(Saved data entries)
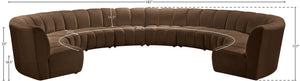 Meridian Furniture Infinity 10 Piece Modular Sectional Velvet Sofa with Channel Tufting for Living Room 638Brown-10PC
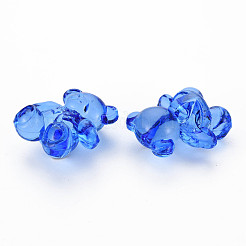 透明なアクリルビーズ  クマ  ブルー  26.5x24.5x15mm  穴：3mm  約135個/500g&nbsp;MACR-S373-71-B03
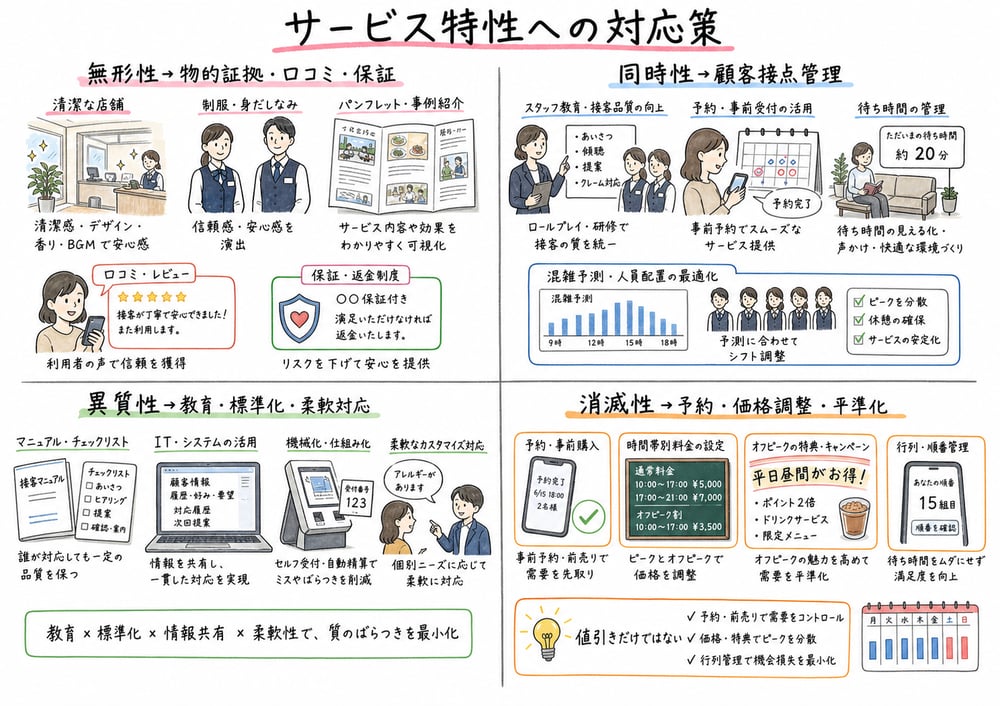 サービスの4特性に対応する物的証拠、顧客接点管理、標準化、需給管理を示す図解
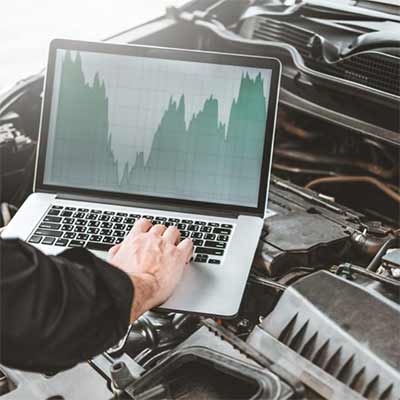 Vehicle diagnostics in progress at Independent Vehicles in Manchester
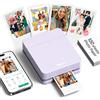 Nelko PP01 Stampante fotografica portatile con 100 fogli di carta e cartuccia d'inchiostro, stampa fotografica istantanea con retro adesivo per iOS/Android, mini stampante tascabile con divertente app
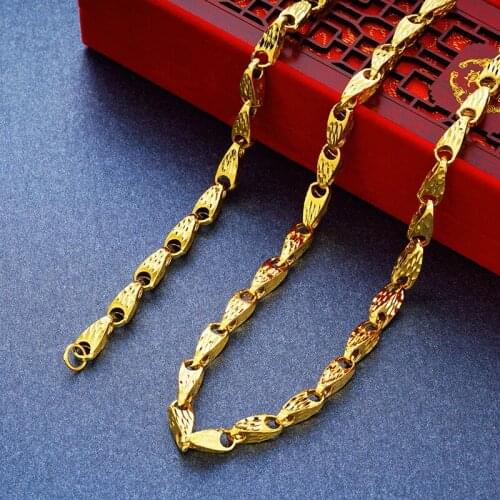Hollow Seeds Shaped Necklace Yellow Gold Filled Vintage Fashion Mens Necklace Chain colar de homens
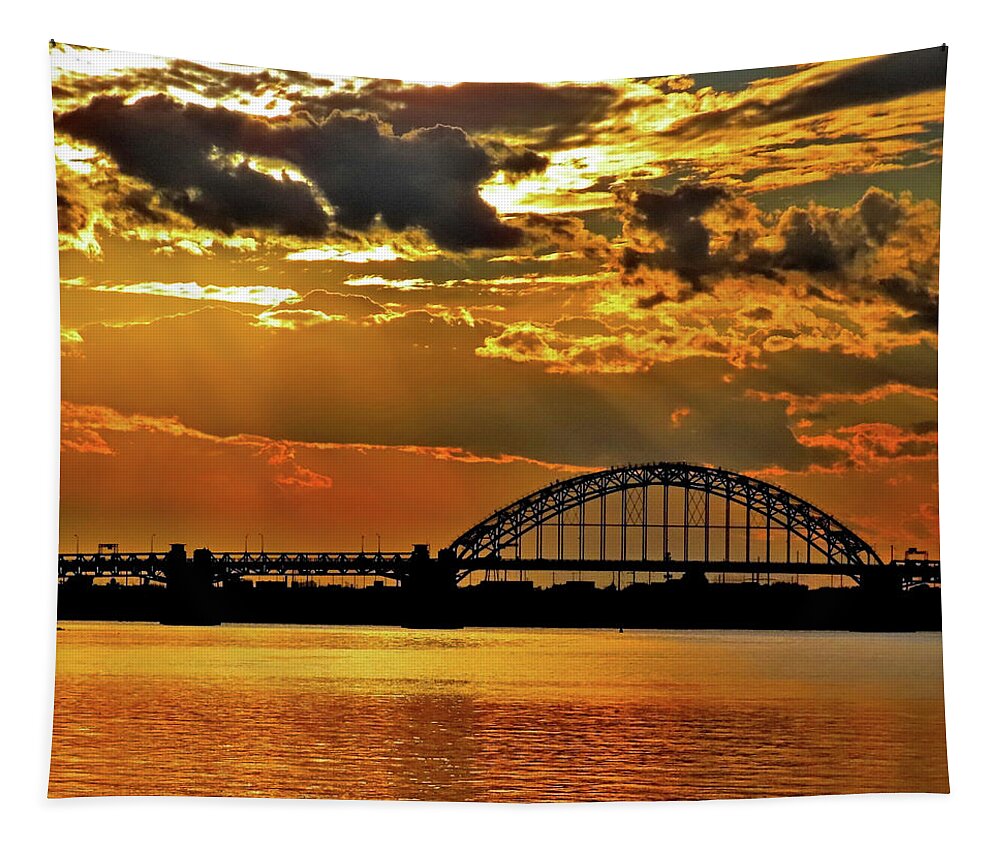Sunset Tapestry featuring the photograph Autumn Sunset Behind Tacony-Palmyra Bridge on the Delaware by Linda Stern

▶ _TASK TO CARRY OUT_:
Verbatim copy without images: write the records above out in full.

▶ _EXERCISE SOLUTION_:
 Meridian Furniture Infinity 10 Piece Modular Sectional Velvet Sofa with Channel Tufting for Living Room 638Brown-10PC
 透明なアクリルビーズ  クマ  ブルー  26.5x24.5x15mm  穴：3mm  約135個/500g&nbsp;MACR-S373-71-B03
 サービスの4特性に対応する物的証拠、顧客接点管理、標準化、需給管理を示す図解
 Vehicle diagnostics in progress at Independent Vehicles in Manchester
 Nelko PP01 Stampante fotografica portatile con 100 fogli di carta e cartuccia d'inchiostro, stampa fotografica istantanea con retro adesivo per iOS/Android, mini stampante tascabile con divertente app
Hollow Seeds Shaped Necklace Yellow Gold Filled Vintage Fashion Mens Necklace Chain colar de homens
Sunset Tapestry featuring the photograph Autumn Sunset Behind Tacony-Palmyra Bridge on the Delaware by Linda Stern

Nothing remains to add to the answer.